Despite a challenging retail environment and shifting priorities in some regions, Ruffin sees strong momentum: “Most brands started with their majority fibers, cotton, polyester, polyamide. Now they are seriously looking at spandex as the next lever in their decarbonisation roadmap.”

Beyond bio-based: recyclability and circular design

LYCRA® EcoMade is one pillar of The LYCRA Company’s broader Planet Agenda, which also focuses on durability and circularity. Extending the lifetime of garments remains one of the most powerful levers for reducing environmental impact, and the company continues refining its fibre portfolio with that in mind.

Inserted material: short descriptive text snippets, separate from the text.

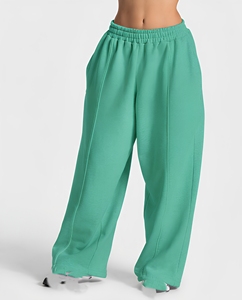 Custom Teal Green Elastic High Waist Women's Wide Leg Casual <b>Fleece</b> <b>Trousers</b> Private Label OEM Apparel Manufacturer USA UK EU - Product Image 1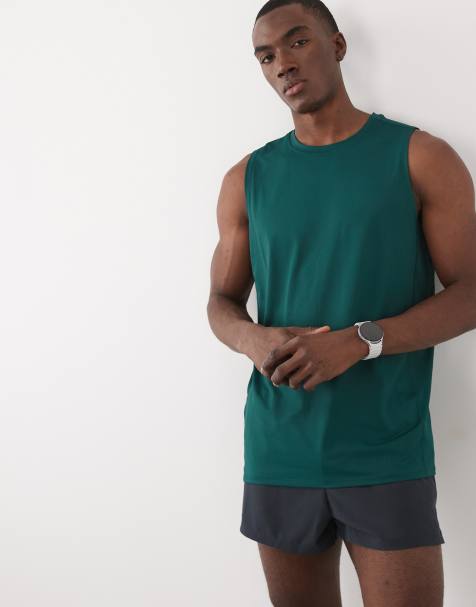 4505 - Icon - Top senza maniche da allenamento in rete quick dry verde bottiglia - view 1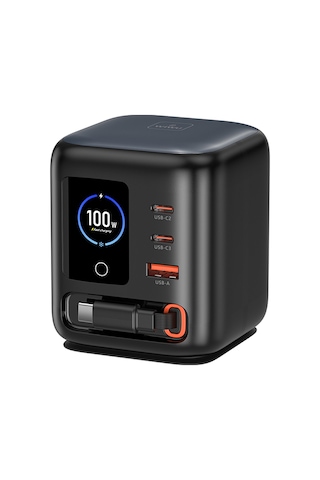 Wiwu Wi-g039 Gan Teknolojili Type-c Kablolu 4 Portlu Masaüstü Çoklu Şarj İstasyonu 100w Siyah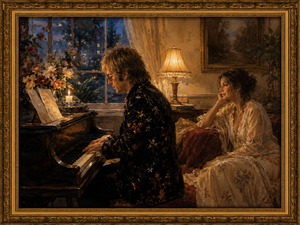 Inside a warmly lit music room, a pianist plays beside an open window while his beloved listens from a nearby sofa. Flowers, candles, sheet music, and soft lamplight create an intimate atmosphere. The scene captures the sincerity of offering someone a simple, personal song from the heart.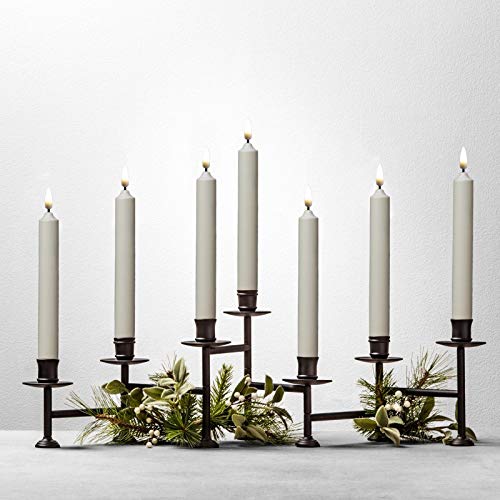 10 Pack Wax Covered Flameless Windows Candles with Remote and Timer, Ivory Battery Powered Candle with Removable Silver Candleholders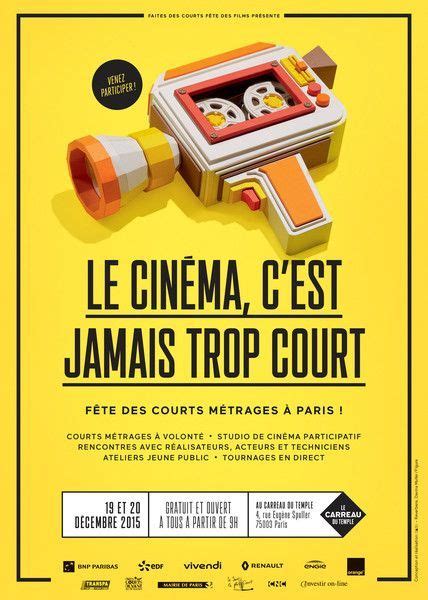 The Poster For The Film Le Cinema C Est Jamais Trop Court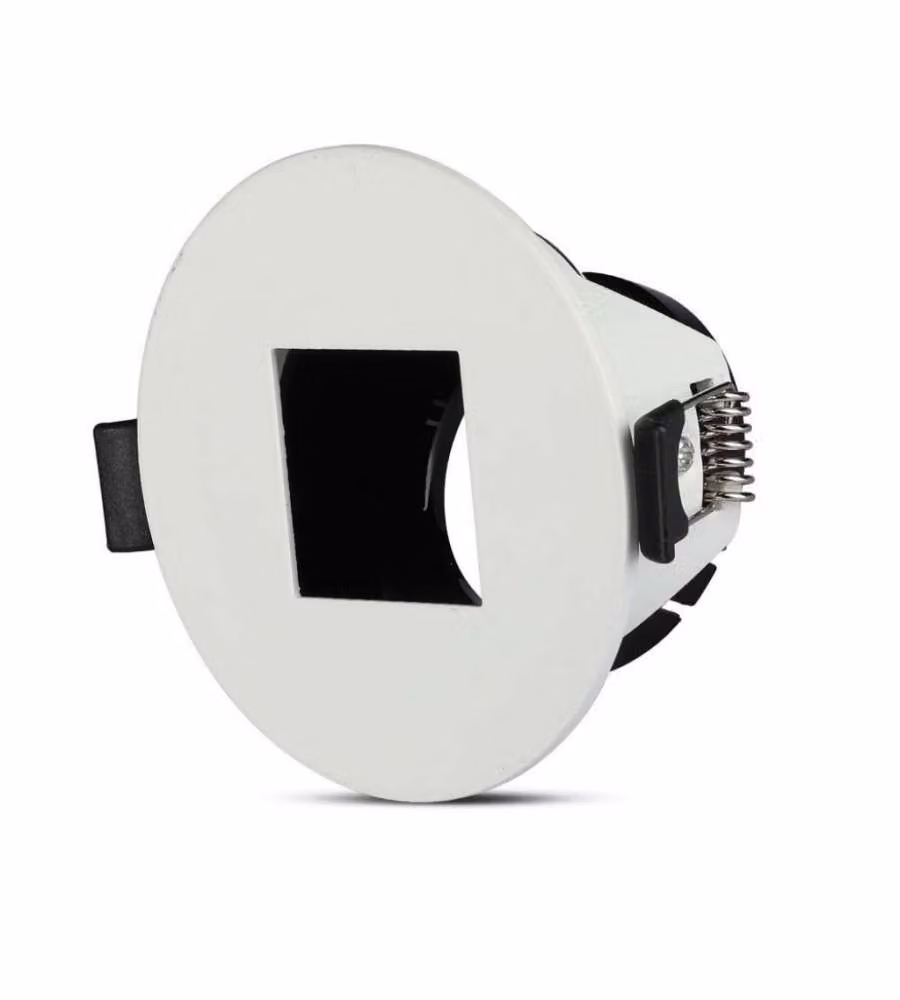 Portafaretto LED da Incasso GU10 con Sezione Quadrata Colore Bianco con Interno Nero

A major recent breakthrough addresses another industry challenge, namely recycling mixed-fibre textiles. In partnership with Radici InNova (RadiciGroup) and Triumph, The LYCRA Company helped validate a patented process that can separate and recover both nylon and LYCRA® fibre from blended textile waste. The recycled fibres were re-spun and transformed into a new lingerie prototype, demonstrating the technical feasibility of circular elastane. “The long-term strategy is to combine solutions,” Ruffin explains. “Step by step, we will integrate higher levels of post-consumer content into our bio-derived LYCRA®, creating fibres that are both low-impact and recycled.”

The broader portfolio is moving in the same direction. COOLMAX® and THERMOLITE® technologies are shifting from bottle-based recycled PET towards feedstock derived from textile cutting-room waste, keeping materials within the textile loop. Meanwhile, LYCRA® T400 technology enables mono-material polyester stretch fabrics, supporting recyclability scenarios where a single fiber type is a prerequisite.

Credits: Oroblù

Incremental change at industrial scale

Ruffin is realistic about the challenges of reaching a fully circular industry. He likens the journey to the automotive industry’s transition: “Everyone talks about the hydrogen car that emits only water vapour, but it isn’t ready at scale. If we all wait for the perfect solution, nothing happens. That’s why we see bio-derived LYCRA® as the ‘hybrid car’ of elastane: not the final destination, but a major step that delivers real CO₂ reductions now.”

For fashion businesses under pressure from regulation, investors and consumers, that pragmatism, combined with industrial scale and technical compatibility, may be exactly what’s needed. Sustainable stretch, it seems, will not arrive in a single revolutionary leap, but through a series of measurable, science-backed upgrades to the fibers the industry already relies on.